*** Data records ***
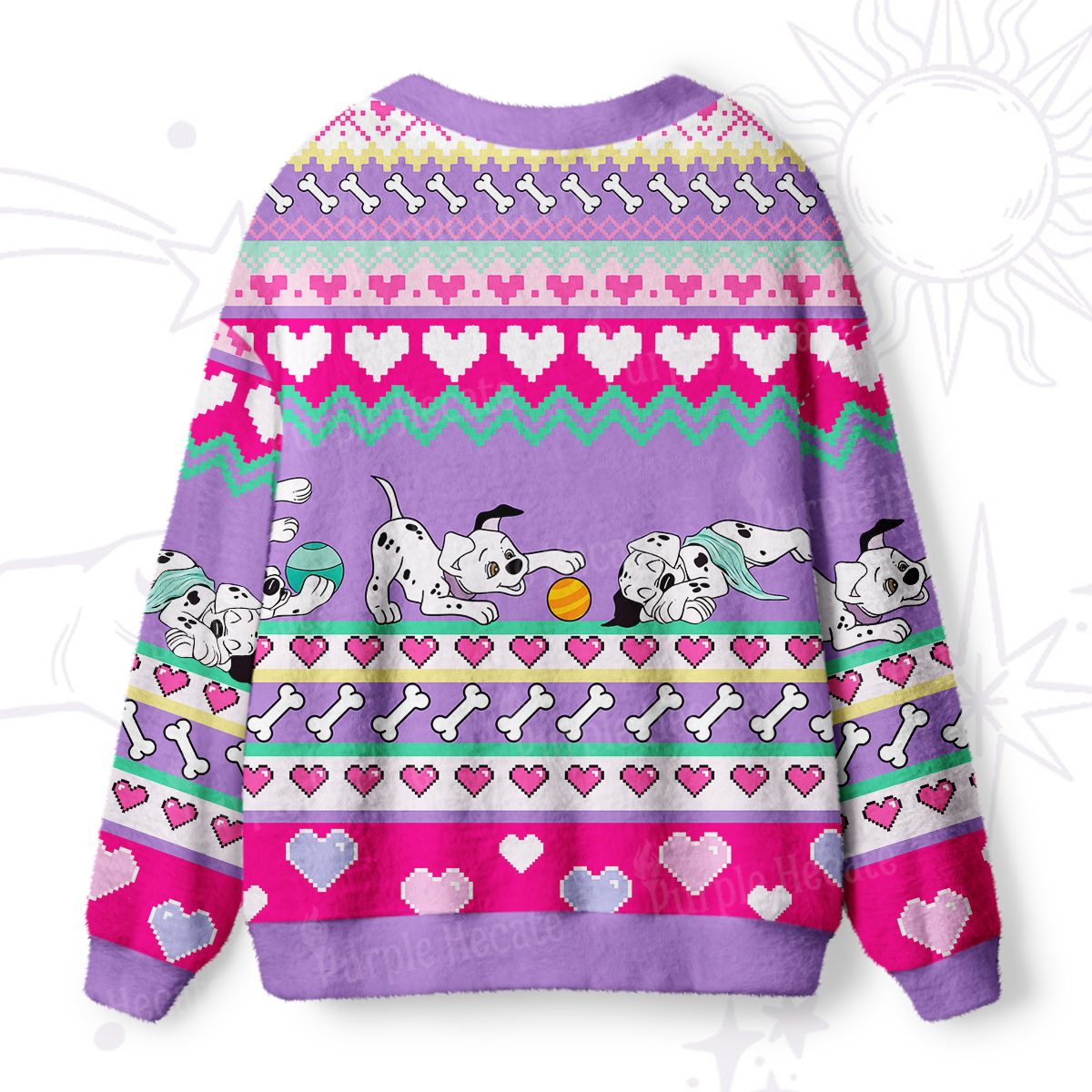 Purplehecate Dalmatian Playtime Ugly Cardigan Sweaters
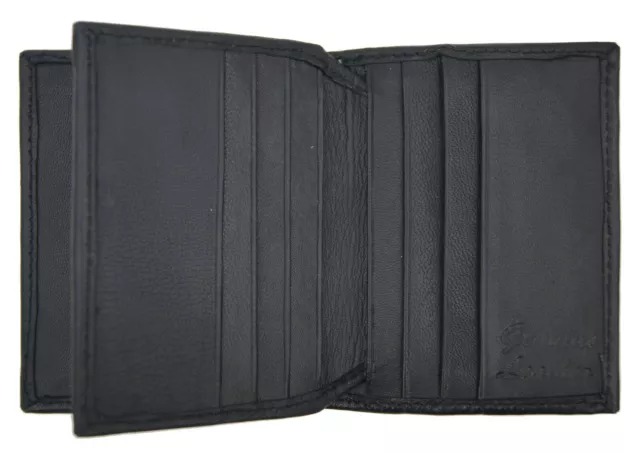 AG Wallets Mens Premium Black Leather Credit Card Holder Wallet Center Flap 2
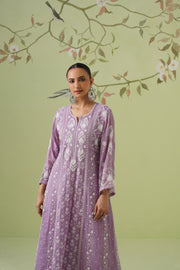 Tissue Chikankari 3pc Anarkali- Dusty Lavender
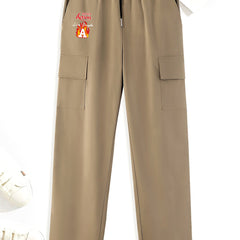 Retro Pattern Cargo Pants Men's Trousers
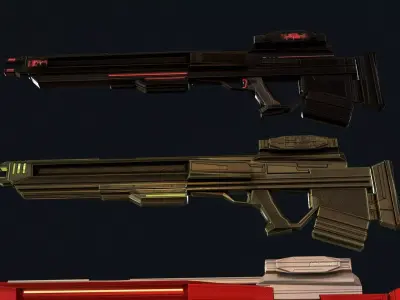 Cyborg Plasma Rifle Low-poly 3D model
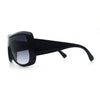 Womens Oversized Shield Cropped Side Flat Top Plastic Diva Fashion Sunglasses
***
Set down the data above exactly as written. Omit the pictures.

 Purplehecate Dalmatian Playtime Ugly Cardigan Sweaters
 AG Wallets Mens Premium Black Leather Credit Card Holder Wallet Center Flap 2
 Tissue Chikankari 3pc Anarkali- Dusty Lavender
 Retro Pattern Cargo Pants Men's Trousers
 Cyborg Plasma Rifle Low-poly 3D model
 Womens Oversized Shield Cropped Side Flat Top Plastic Diva Fashion Sunglasses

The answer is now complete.